34 - Searching for sea squirts



Randomly browsing the charity shop bookshelves invariably reaps unexpected rewards. “The Sea Shore” by C.M. Yonge was a fabulous find for me. First published in 1949, this densely-written paperback, jammed full of information and Latin scientific nomenclature, is not an easy read. It is quite the contrast to my only other seaside guide, the 1955 edition of I-SPY AT THE SEASIDE. Much, I suspect, has changed since both were written, but both, in their own way, are still mines of fascination for the coastal wanderer.


C.M. Yonge provides some lovely linear illustrations and diagrams, tide maps and exquisitely delicate drawings of rippling seaweed varieties and fascinating alien life forms, cross-sections of rock-boring bivalves, cliff-faces showing the vertical distribution of the acorn barnacle, encrusting hydroids on the surface of a whelk shell and the kidneys, heart, stomach and reproductive organs of the sea squirt. The sea shore is indeed a mysterious place. Those jelly blobs I’d often noticed on my beach walks have a heart and kidneys – amazing! I texted my friend excitedly with the news of this discovery. “I hope they don’t have a brain!” she texted back. She was worried to think she may have hurt them when she had inadvertently stepped on one, getting squirted by a strong avenging jet of water, straight from the kidneys, no doubt.

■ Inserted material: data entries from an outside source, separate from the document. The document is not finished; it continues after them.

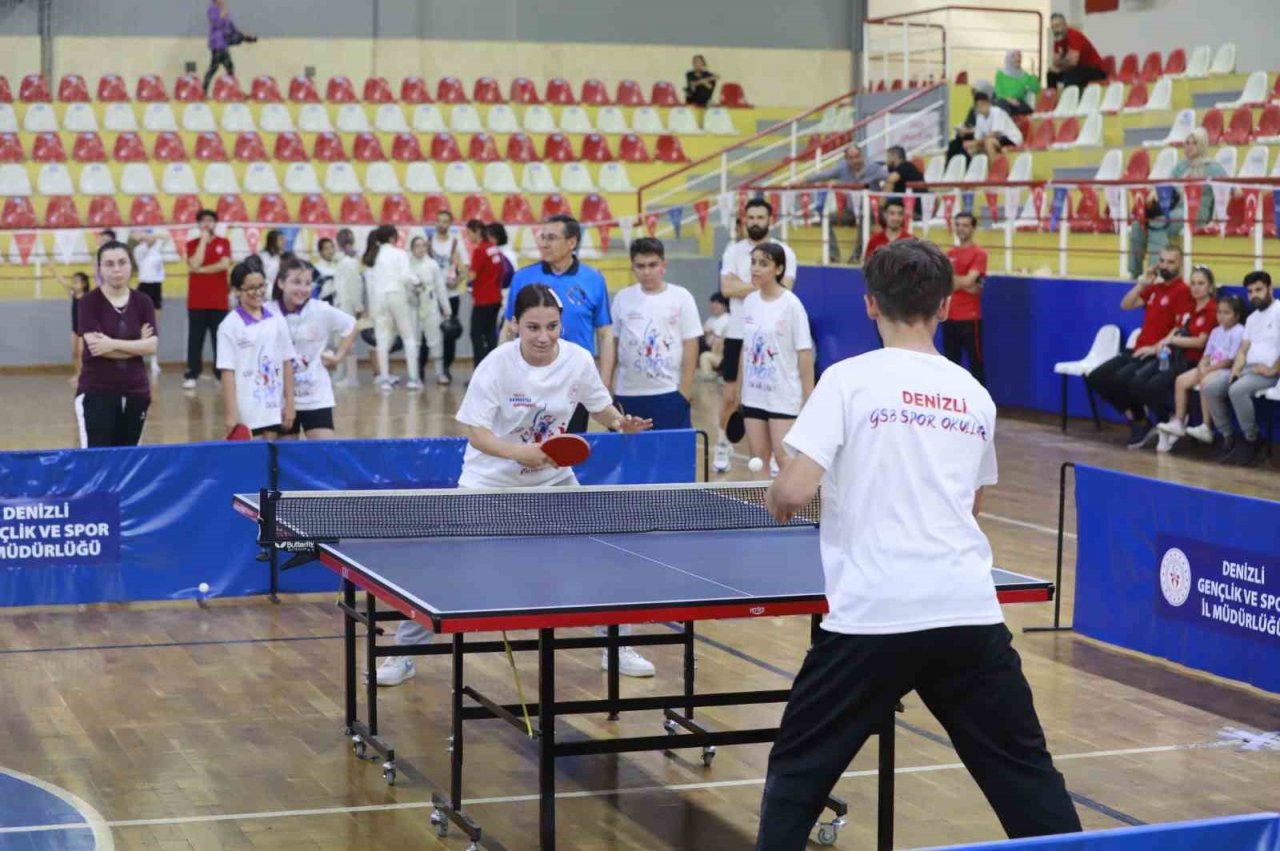 Yaz spor okullarında çalışmalar başladı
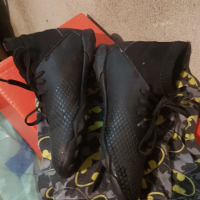 Футболни обувки Adidas Predator - 33 номер , снимка 2 - Детски маратонки - 44640002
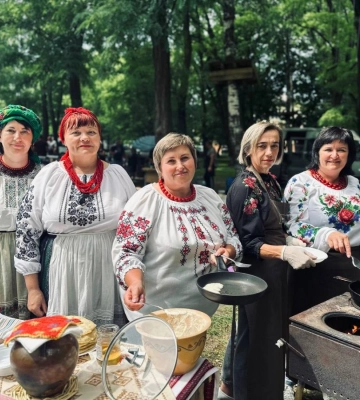 На благодійній ярмарці до Дня міста у Костополі зібрали гроші для ЗСУ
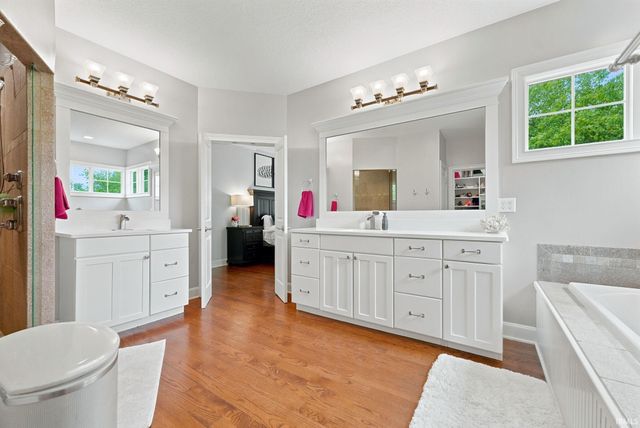 1716 Forest Trail, Fort Wayne, IN 46845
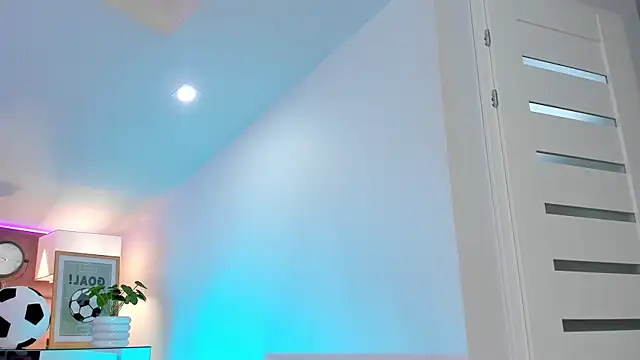 MiaMuse Live Web Cam Show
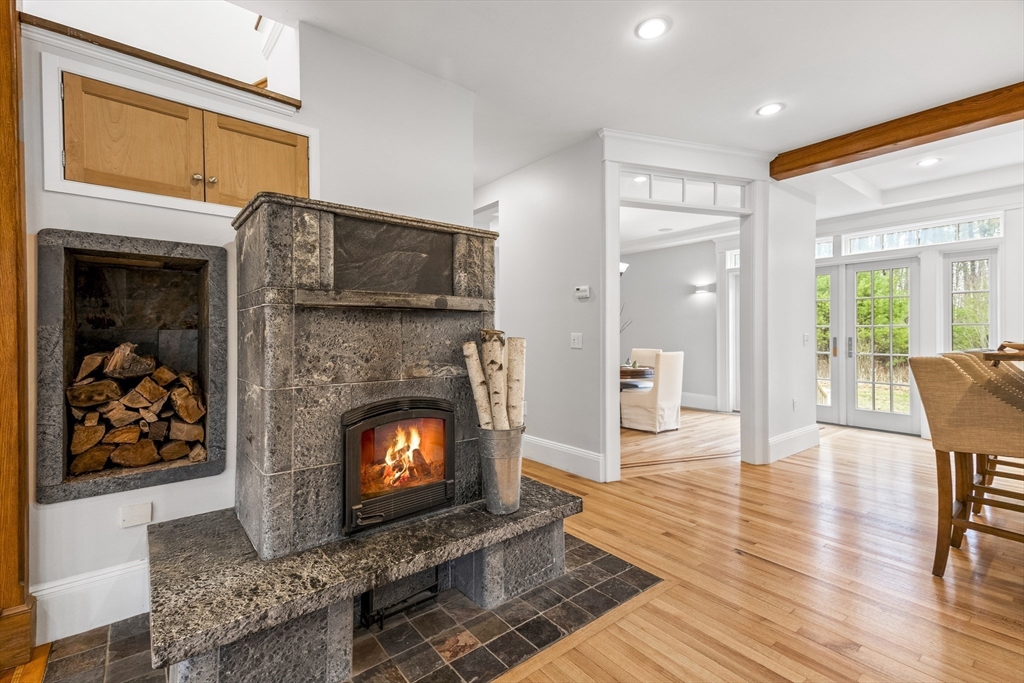 215 John Mowry Road Smithfield, RI 02917 - Photo 9 of 42 Gallery Image 9
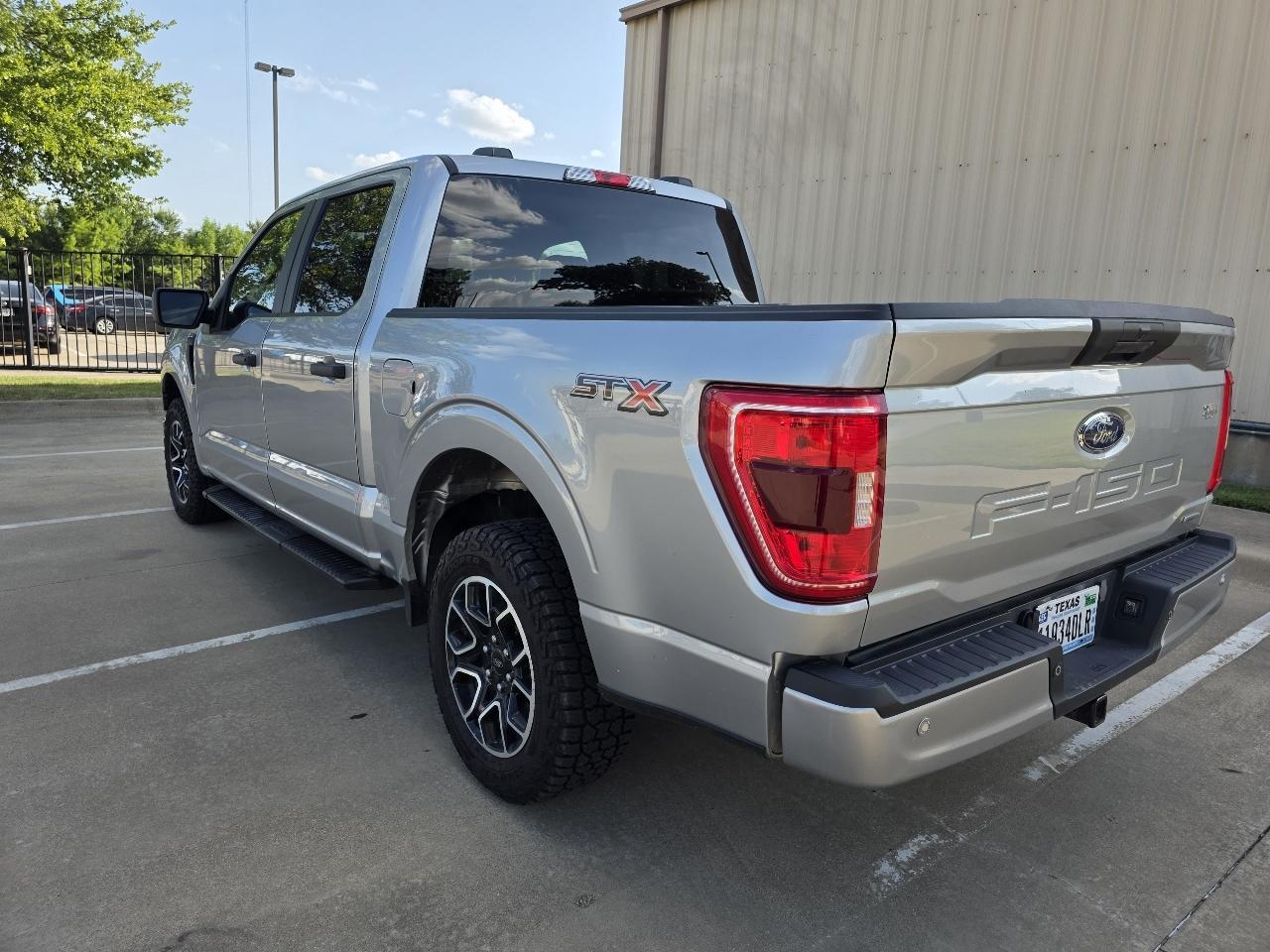 Ford F-150 2WD SuperCrew 145" STX 2023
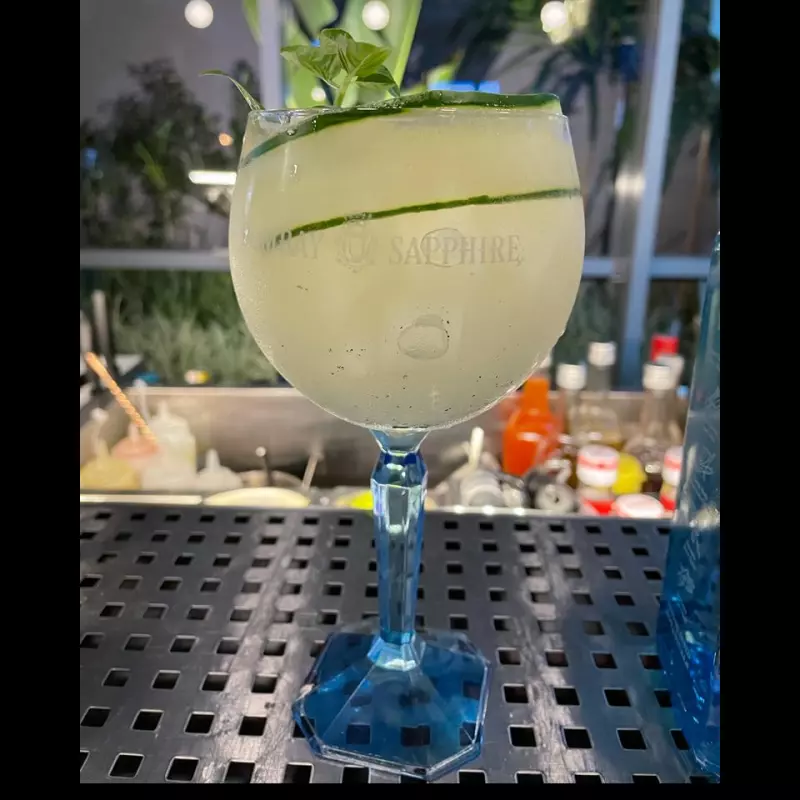 Gin Tônica Bombay Sapphire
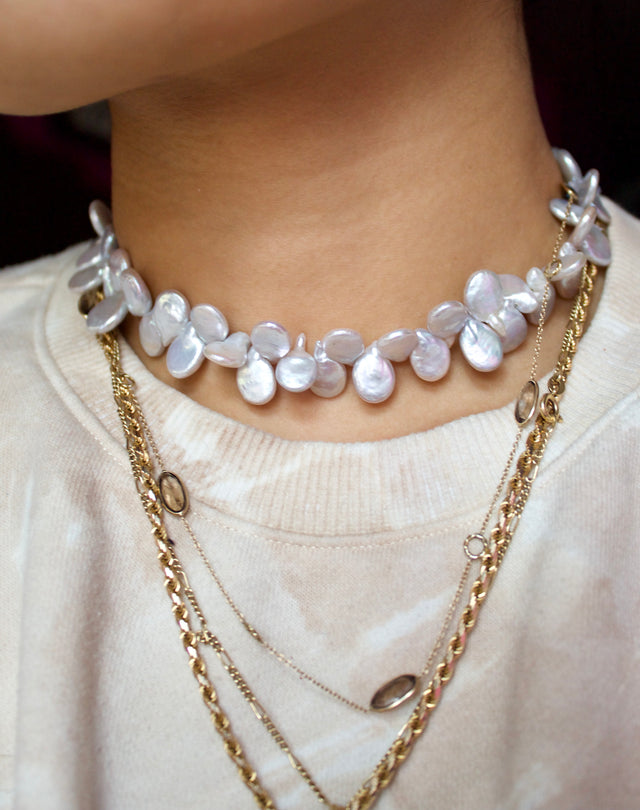 Petal Pearl Choker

I suspect that the answer to my friend’s anxious question is, unfortunately yes or, if not exactly a brain, according to C.M. Yonge, sea squirts do, like us, have a central nervous system and, like us, they are members of the chordates which means that, at some point in their development, they have something resembling a spine, so they do have feelings. There is more than meets the eye to those little bags of jelly we find washed up on the beach.




So, my curiosity piqued, one day last week I decided to make my walk into a hunt for sea squirts. I splashed happily through the wet sand, searching for jelly blobs, but very soon forgot what I was there for, as aimlessness is the whole point of walking, as far as I’m concerned, and I’m easily distracted. A parcel of oystercatchers fished in the shallows and a wedge of Brent geese bobbed on the water, keeping up their incessant gossip, before a dog came galumphing joyously through the waves. Here in Ryde, the Brent geese are regular visitors over winter. They, like the neat little running birds called sanderlings, fly in from the Arctic regions, resting and feeding themselves up ready for the long flight home in spring. My heart always knots up, to be honest, when I see them disturbed by dogs or humans, and having to waste their valuable calorie intake in a panicked escape.



Having completely forgotten I was looking for jelly blobs, I did, of course, find some. Not sure they were sea squirts. The yellow ones might be a colony of them. The pinkish one camouflaged in the sand is a more exotic creature all together, with delicate gelatinous frills and flaps and raspberry-ripple streaks of magenta. I didn’t poke either of these extraordinary life forms to see what would happen, and perhaps risk getting squirted in the eye, but left them to sit and perhaps to think in peace, awaiting the turn of the tide.